For many people, Thanksgiving was a very different thing this year from what it has been, what it should be, and what God willing it will be again. Some, like my own family, have been privileged to weather this year with little griefs and minor inconveniences. Others have been less privileged. As I write, my heart is heavy for those who have lost—lost family, lost livelihoods, lost sanity. I look to a future that is uncertain for me, in some ways, but for many it is worse than uncertain. It is hopeless.
For the beauty of the leaves in our centerpiece, captured, pressed and dried until the appointed time. For the large ones, commanding a page of the World Book unto themselves. For the baby ones, shaken together and scattered all around. For the red ones, light to wine-dark. For the yellow ones, splotched with orange, shot through with veiny green. For the plain and unremarkable brown.

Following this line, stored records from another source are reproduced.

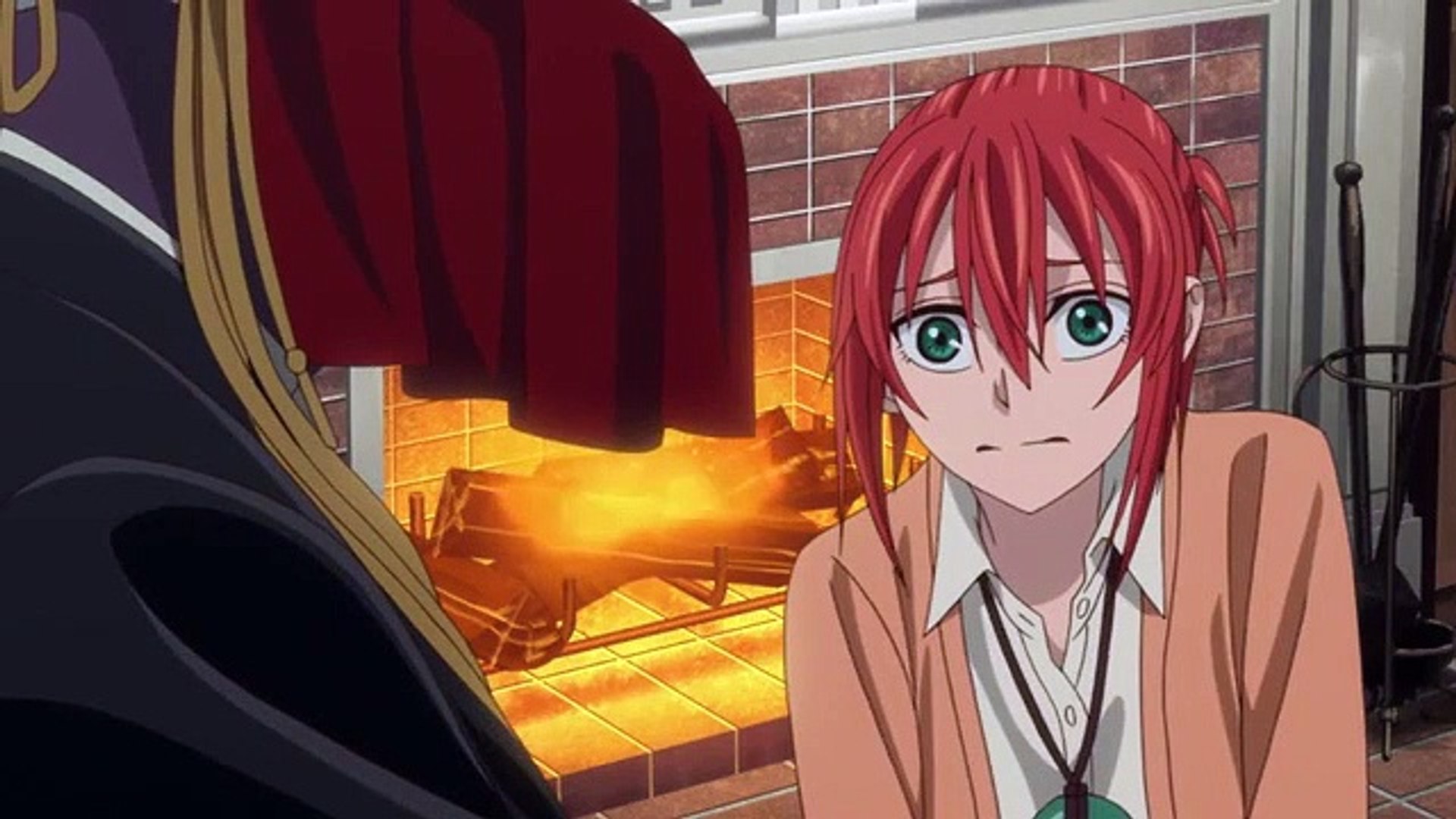 Mahoutsukai no Yome Dublado ep19 - Vídeo Dailymotion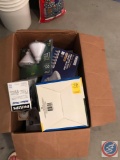 Box Full of Light Bulbs, Assorted
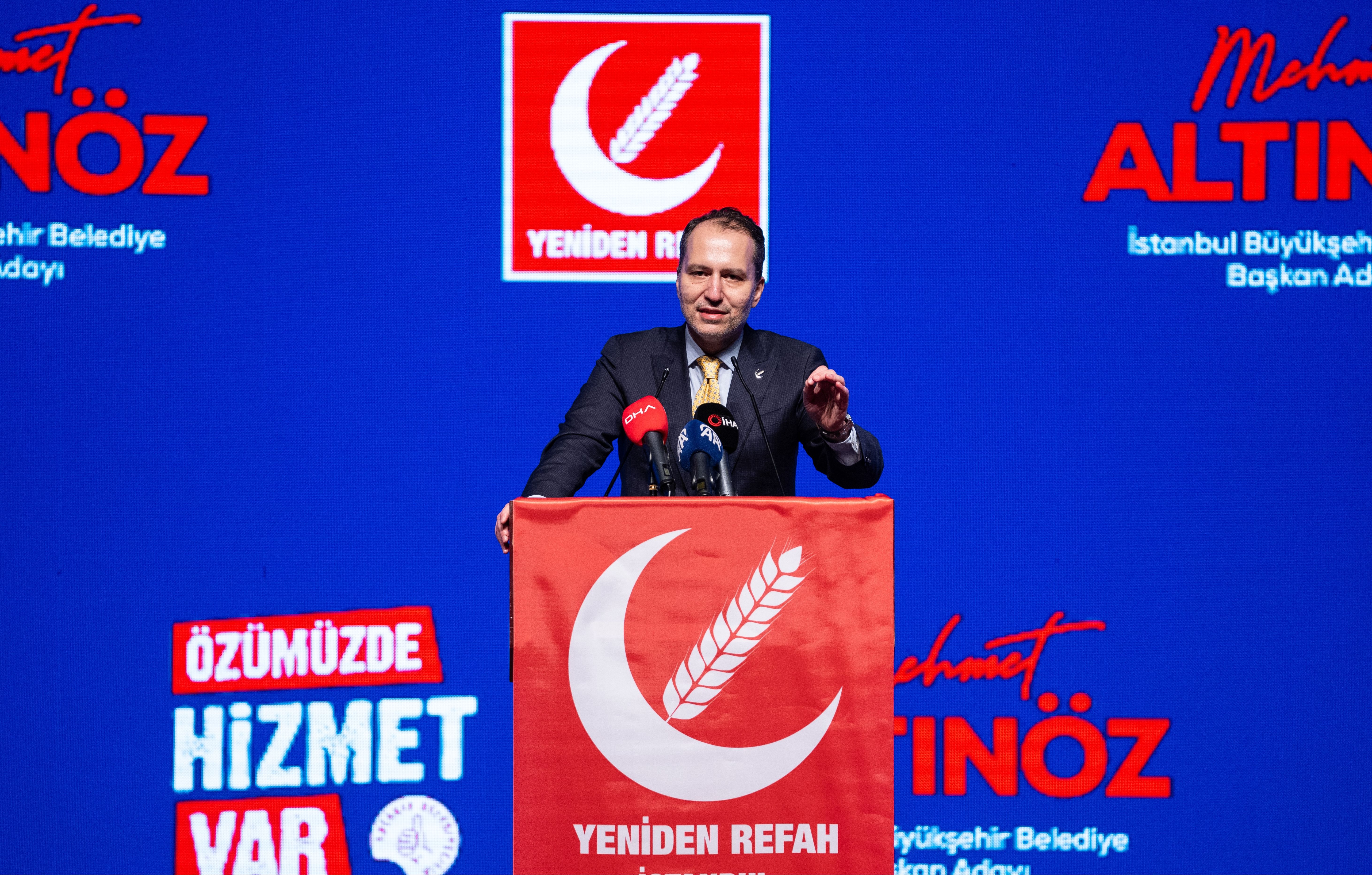 Yeniden Refah Partisi'nin İstanbul il ve ilçe adayları belli oldu: İşte isim isim tam liste... - 2. Resim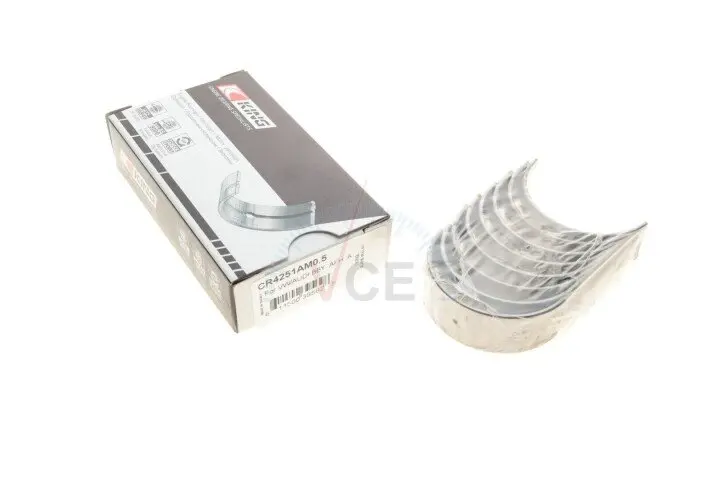 Подшипник скольжения KING CR4251AM 0,5 (фото 1)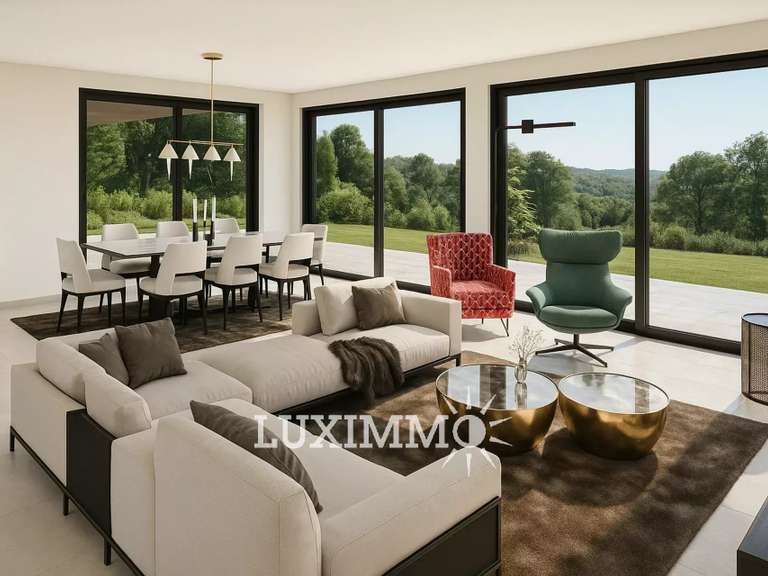 House Mouans-Sartoux - 4 bedrooms - 250m²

For the sparkling Rose in our glasses, even if it is only grape juice, because it’s red, and it’s different from our usual white, and it made us happy.
For green bean casserole with French fried onions from a can, because it was creamy and crunchy and delicious, as it always has been and always will be.
For pumpkin pie with Pillsbury dough crust. For the hamster who snatched a bit of it from my sister’s hand, clambering up the cage to get it, gone mad with the scent. For the softness of her fur when we tickle it. For the perfect shape of her tiny nose, in perpetual motion, always visible through the stuffing she conveys, with great ferocious care, from one side of the cage to the other.
For the litter of kittens growing up a couple blocks over, whom we follow on FaceBook and occasionally visit, who like to play king of the hill on stairs and hide in bookshelves and fall asleep on our laps.
For our neighbor Fred, who likes to amble over in one of his tie-dyed shirts and just chat, or let us know if there’s something on the radio we might like.
For our neighbor Dorothy, who no longer lives on our street, whom we visited in a home earlier this year, and visited again more recently, who was wondering whether we had heard of this new disease, coronavirus. For the way she cried and thanked us over, and over, and over, when all we did was take a country drive and sing a few songs at her window.
For my grandmother, who’s old enough now that they don’t sedate her for painful procedures, who asks us to pray because she’s “chicken” but is really the toughest bird I know.
For all this, and for so much more, I give thanks. To the maker of all that is good. To the one whose mercies are ever-new, and in whom there is no shadow of turning, though all shall burn, and all shall pass away.